Don't include pictures. Quote the lines below from the first through the line that contains "Gato raça srd".

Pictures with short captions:
<<<<

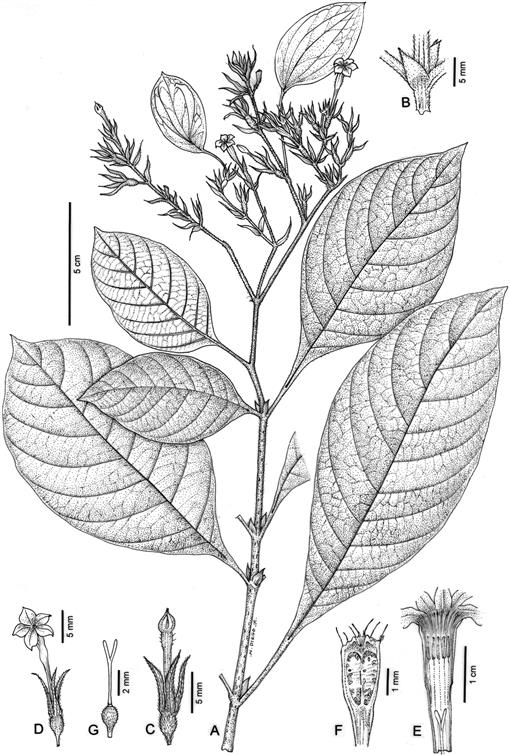 LITSEA CUBEBA 10 ml - Azienda La Fontana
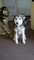 Gratis cachorro de malamute gris lobo (kc registrado)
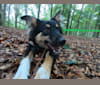 Photo of Nefro, an Eastern European Village Dog  in Bulgaria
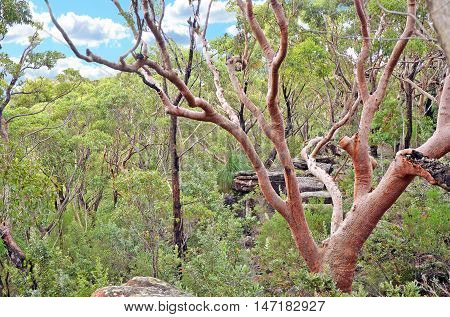 Sydney Red Gum (Angophora costata) tree in open forest in the Royal National Park, Sydney, Australia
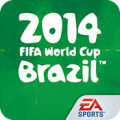 FIFA 巴西世界杯
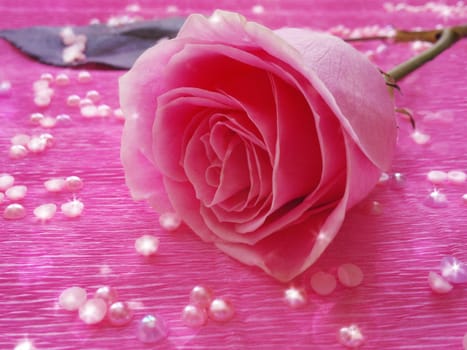 pink rose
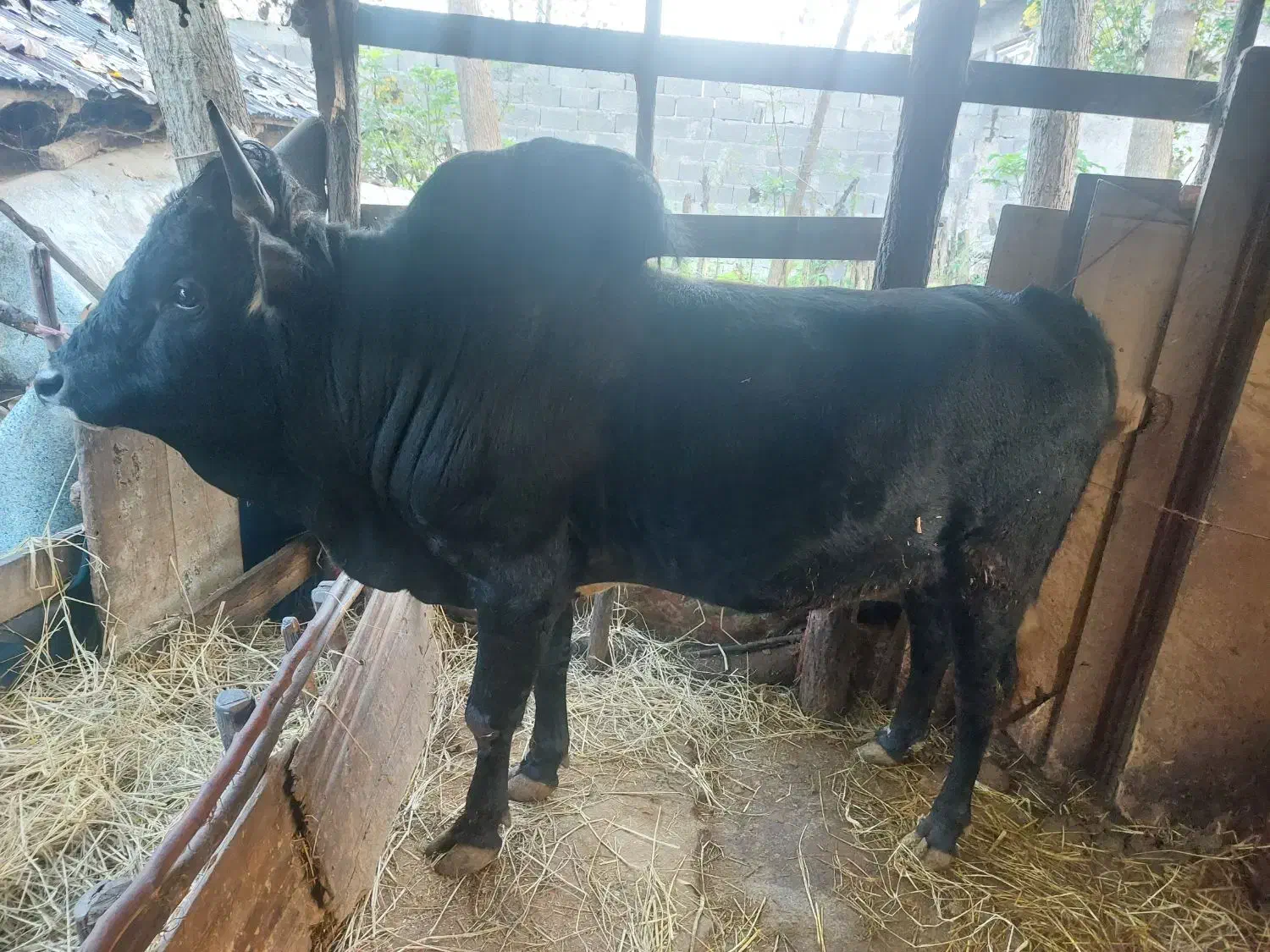 ورزا محلی هم داشتی هم گوشتی کم سن|حیوانات مزرعه|رشت, لاکان|دیوار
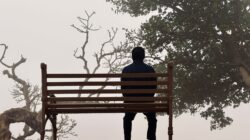 Orang yang duduk sendirian di bangku di luar ruangan yang berkabut, dikelilingi pepohonan.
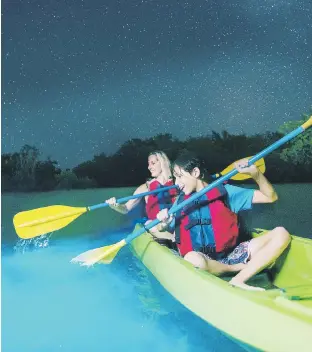  ??  ?? La laguna bioluminis­cente de Fajardo se puede recorrer en kayak en grupos familiares pequeños.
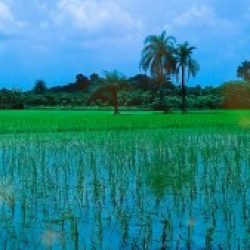 Profile picture of আব্দুস সালাম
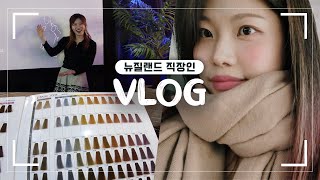 ENG 🇳🇿뉴질랜드 직장인 브이로그 Vlogㅣ디자이너 회사외근ㅣ미용실 브이로그ㅣKorean Hair Salonㅣ탈색&염색하기ㅣ#해외취업 #직장인브이로그 #미용실브이로그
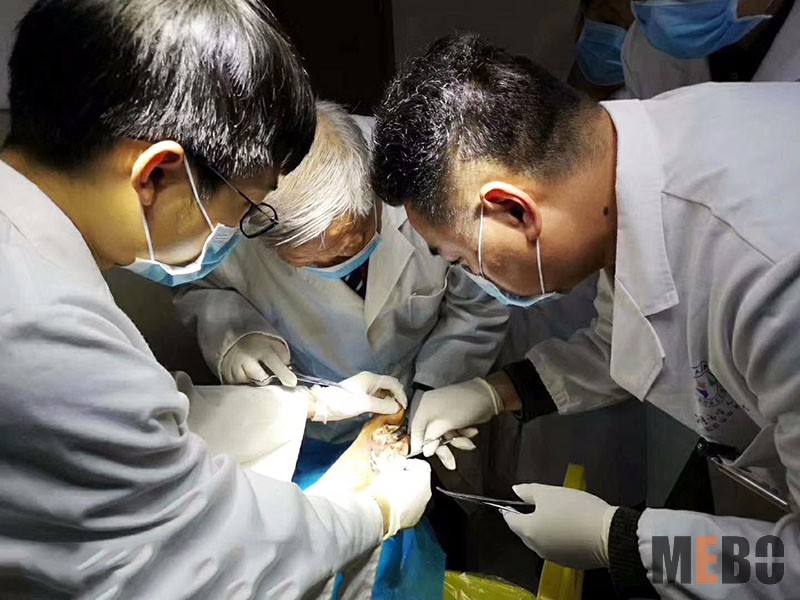 GA黄金甲(中国)最新官方网站
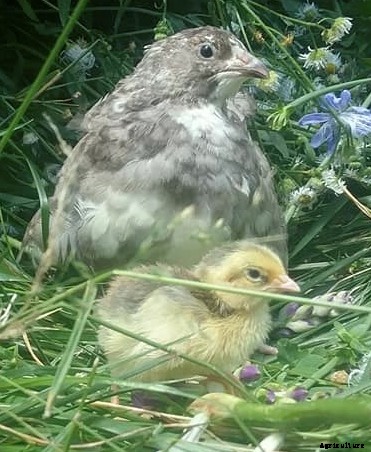 A guide to types of quail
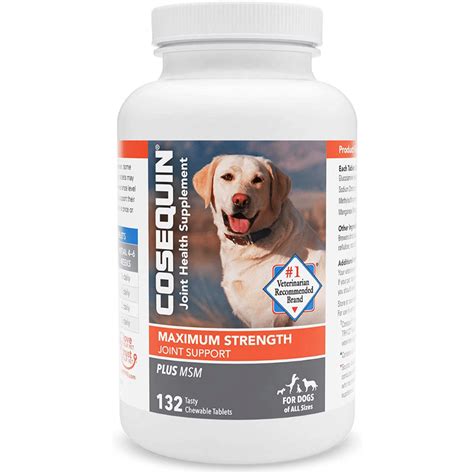 The Best Dog Joint Supplements - Help Them Stay Active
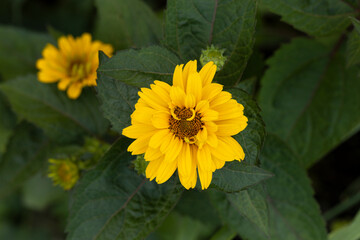 Heliopsis scabra ( Sommersonne, Sonnenauge) im Garten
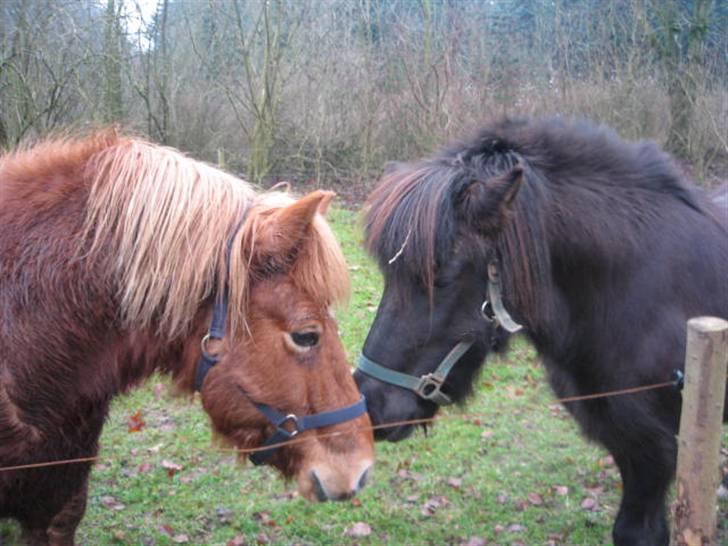 Islænder Sólfari fra Hjermind - Sólfari og Blökk            December 07 billede 3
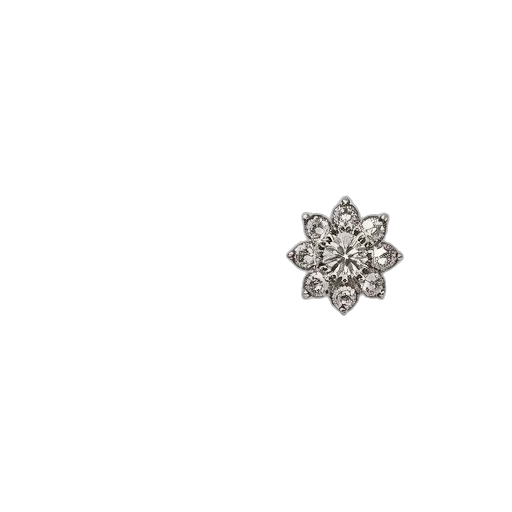 jewelry, crown, flower, staff transparent PNG cut-out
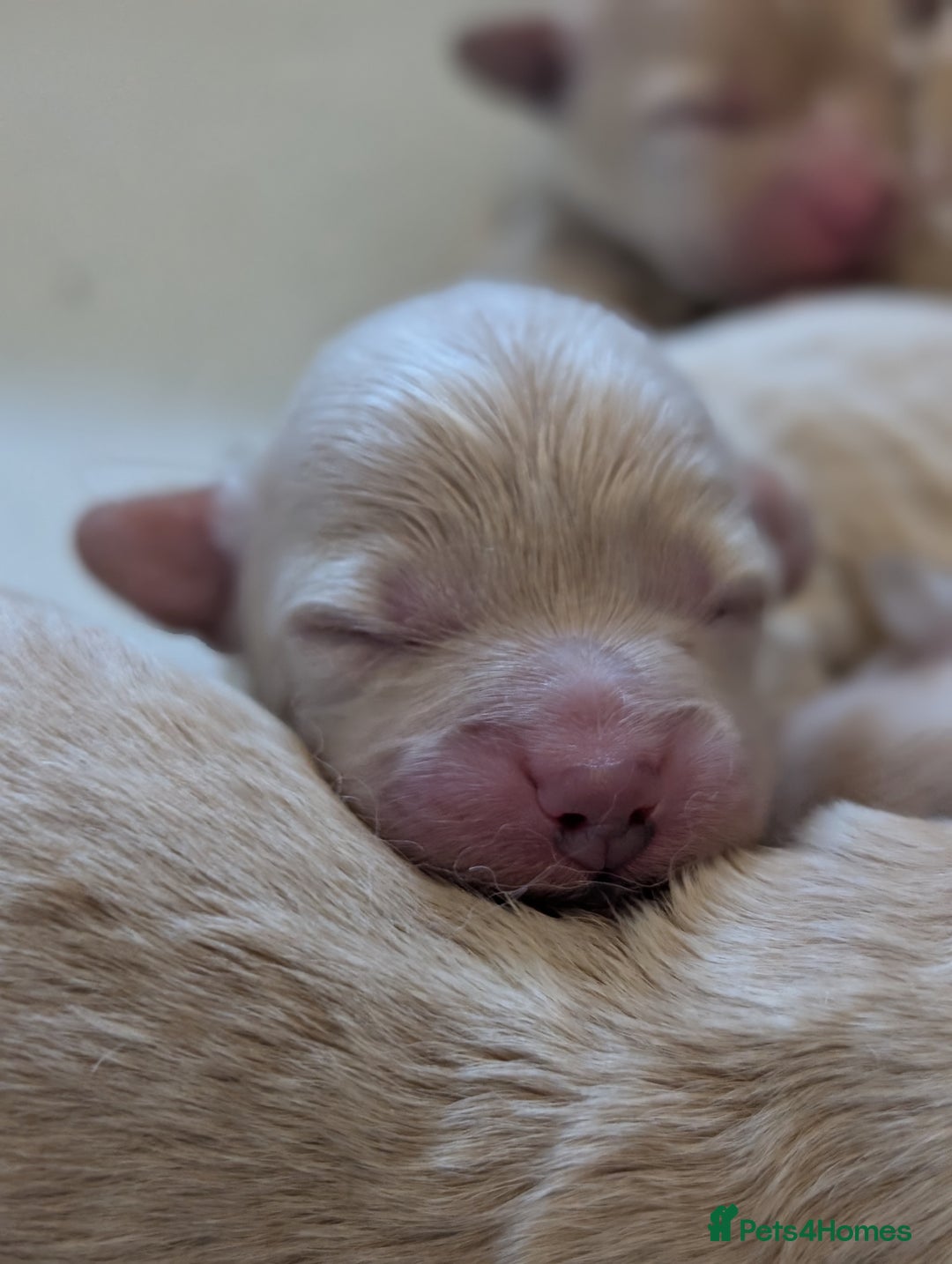 Maltipoo dogs for sale: 🩷 1 Baby Girl Available  - Advert 5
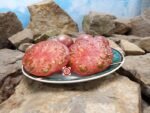 Dwarf Black Angus Tomato Seeds.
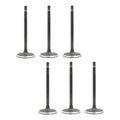 Set 6 Valvulas Admision Para Jeep Grand Cherokee 4.0l 99-04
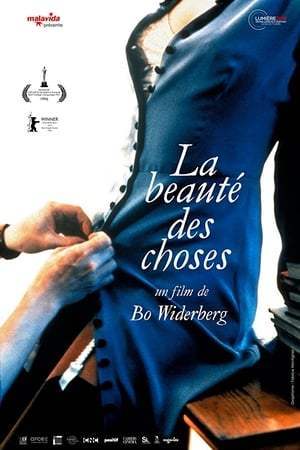 La Beauté des choses (1995)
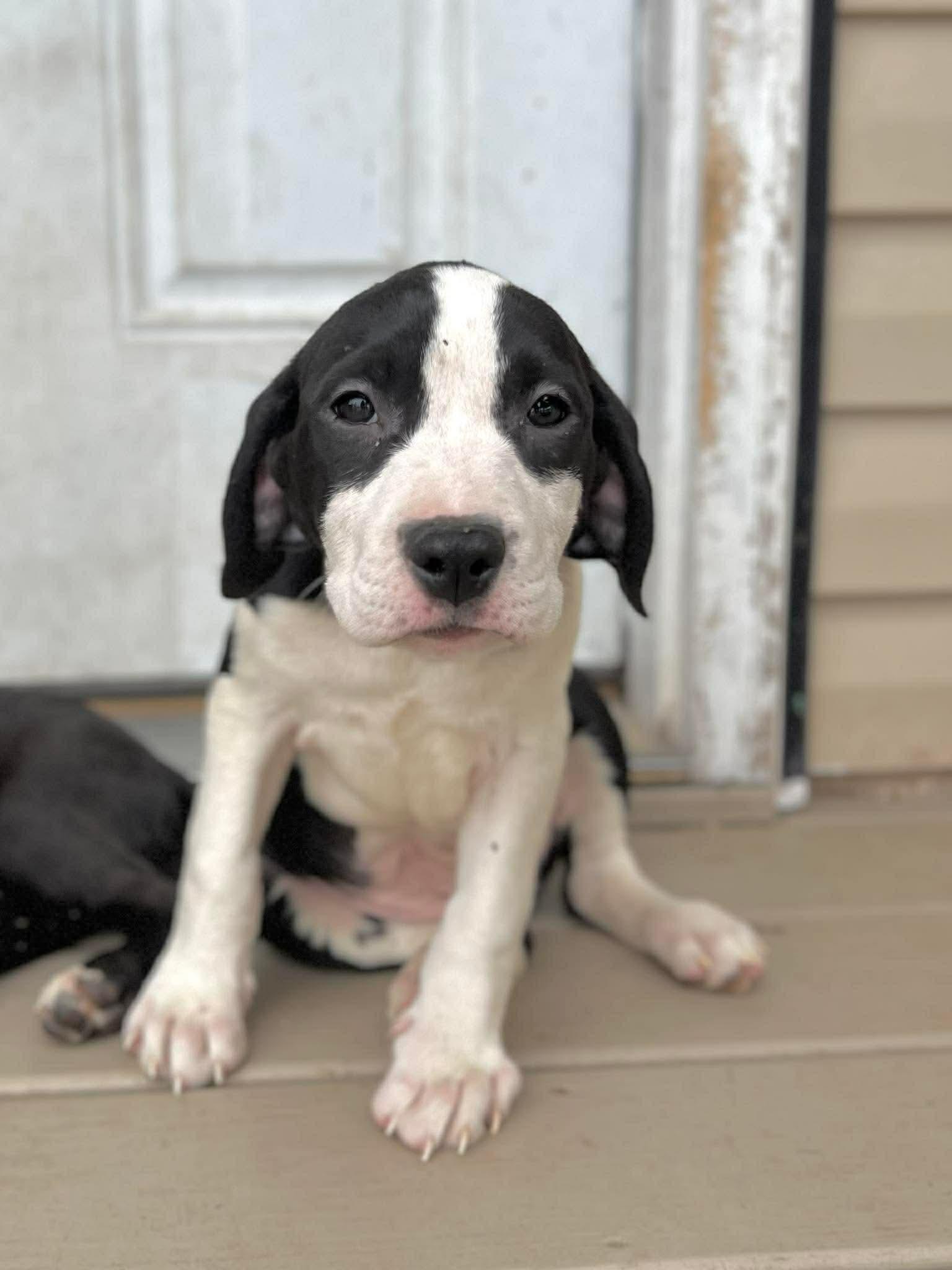 Enlarge Sarge, an adopted mixed breed in Ayden, NC image 2/6
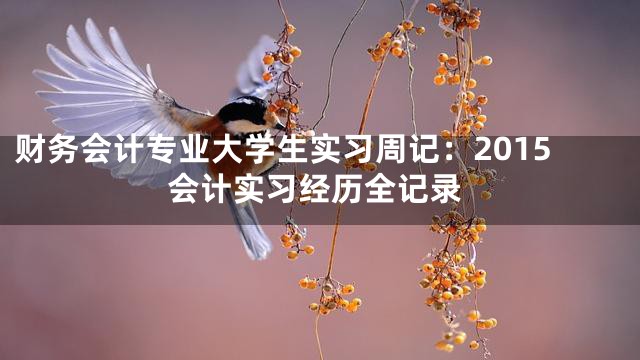 财务会计专业大学生实习周记：2015会计实习经历全记录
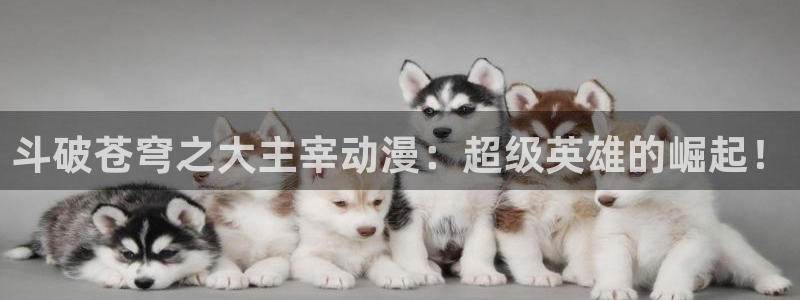 omofun官网网页版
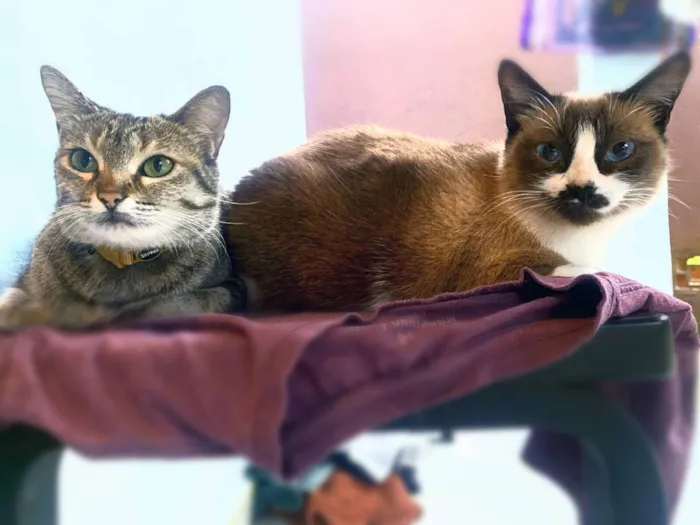 Gato raça srd idade 2 anos nome Lorien & Brienne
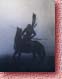 backcover.jpeg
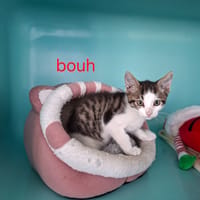 Bouh, chat à adopter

>>>>

Task response:
 LITSEA CUBEBA 10 ml - Azienda La Fontana
 Gratis cachorro de malamute gris lobo (kc registrado)
 Photo of Nefro, an Eastern European Village Dog  in Bulgaria
 Sydney Red Gum (Angophora costata) tree in open forest in the Royal National Park, Sydney, Australia
 FIFA 巴西世界杯
 pink rose
 ورزا محلی هم داشتی هم گوشتی کم سن|حیوانات مزرعه|رشت, لاکان|دیوار
 Orang yang duduk sendirian di bangku di luar ruangan yang berkabut, dikelilingi pepohonan.
  ??  ?? La laguna bioluminis­cente de Fajardo se puede recorrer en kayak en grupos familiares pequeños.
 Profile picture of আব্দুস সালাম
 ENG 🇳🇿뉴질랜드 직장인 브이로그 Vlogㅣ디자이너 회사외근ㅣ미용실 브이로그ㅣKorean Hair Salonㅣ탈색&염색하기ㅣ#해외취업 #직장인브이로그 #미용실브이로그
 GA黄金甲(中国)最新官方网站
 A guide to types of quail
 The Best Dog Joint Supplements - Help Them Stay Active
 Heliopsis scabra ( Sommersonne, Sonnenauge) im Garten
 Islænder Sólfari fra Hjermind - Sólfari og Blökk            December 07 billede 3
 jewelry, crown, flower, staff transparent PNG cut-out
 Maltipoo dogs for sale: 🩷 1 Baby Girl Available  - Advert 5
 Dwarf Black Angus Tomato Seeds.
 Set 6 Valvulas Admision Para Jeep Grand Cherokee 4.0l 99-04
 La Beauté des choses (1995)
 Enlarge Sarge, an adopted mixed breed in Ayden, NC image 2/6
 财务会计专业大学生实习周记：2015会计实习经历全记录
 omofun官网网页版
 Gato raça srd idade 2 anos nome Lorien & Brienne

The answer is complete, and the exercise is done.